WORK ORDER:
Copy the listing verbatim, excluding any images found in it.

╭─ DATASET RECORDS

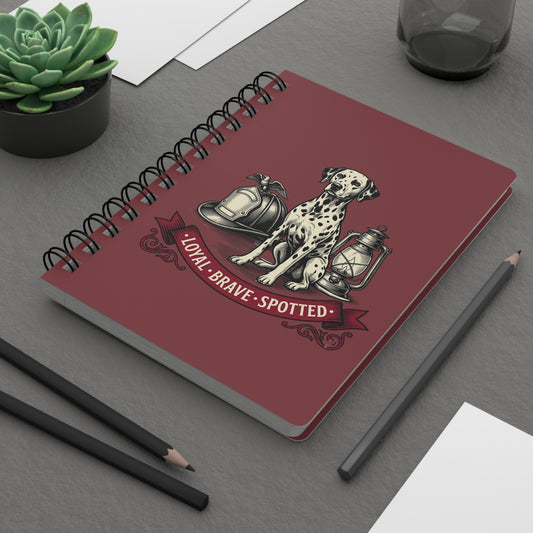 Firehouse Heritage - Spiral Journal - Chili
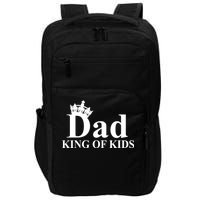 Dad King of Kids Impact Tech Backpack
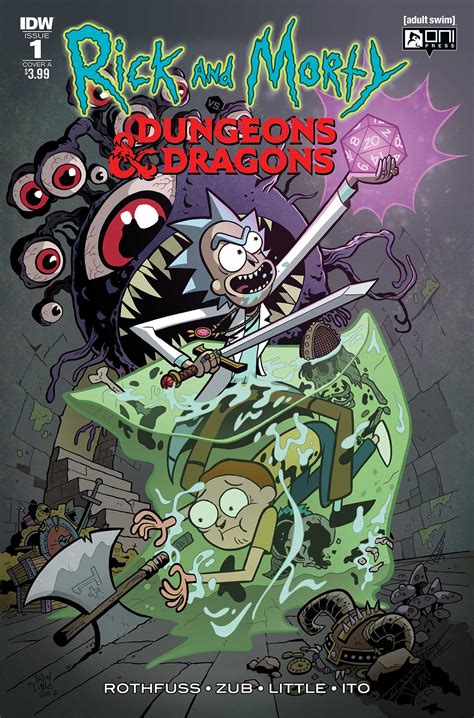 rick and morty vs dungeons and dragons 1 review — major spoilers — comic book reviews news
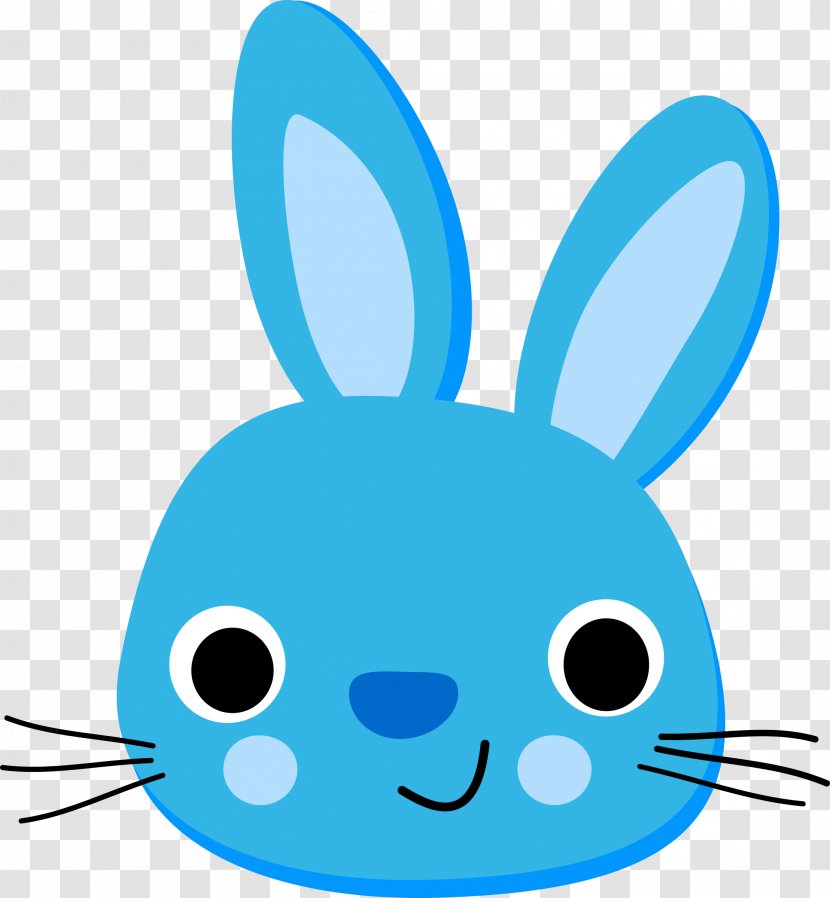 Easter Bunny Rabbit Facebook Clip Art - Nose Transparent PNG
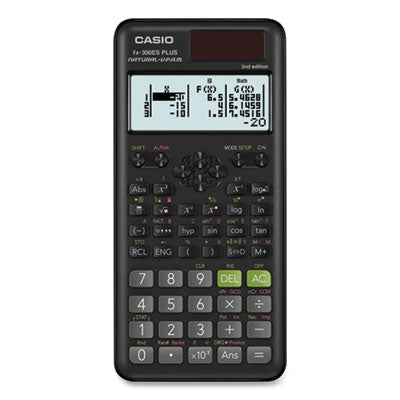 CALCULATOR,SCIENTIFIC,BK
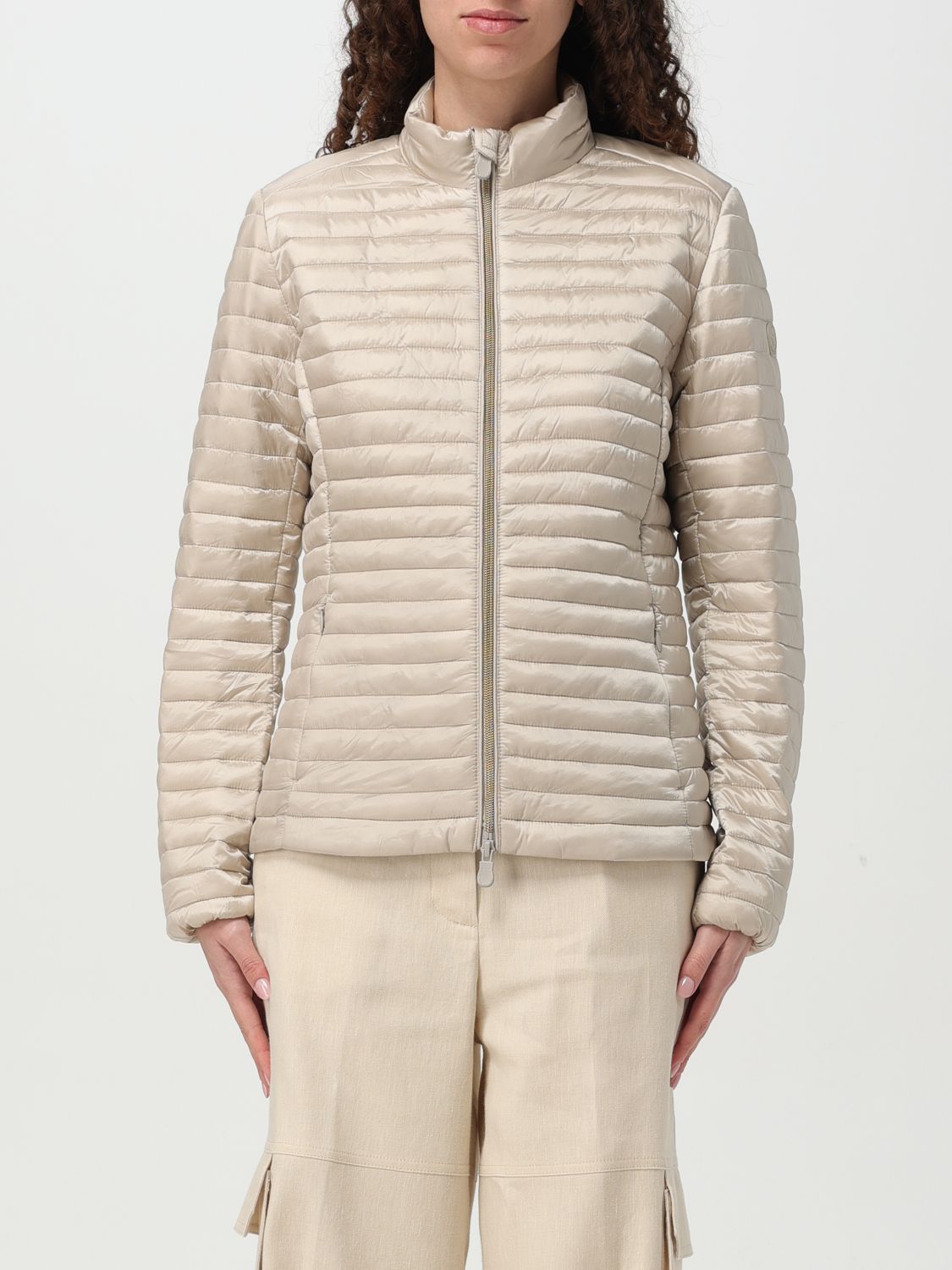 SAVE THE DUCK JACKET SAVE THE DUCK WOMAN COLOR BEIGE G82261022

╰─

SOLVED PROBLEM:
 Firehouse Heritage - Spiral Journal - Chili
 Dad King of Kids Impact Tech Backpack
 rick and morty vs dungeons and dragons 1 review — major spoilers — comic book reviews news
 Easter Bunny Rabbit Facebook Clip Art - Nose Transparent PNG
 CALCULATOR,SCIENTIFIC,BK
 SAVE THE DUCK JACKET SAVE THE DUCK WOMAN COLOR BEIGE G82261022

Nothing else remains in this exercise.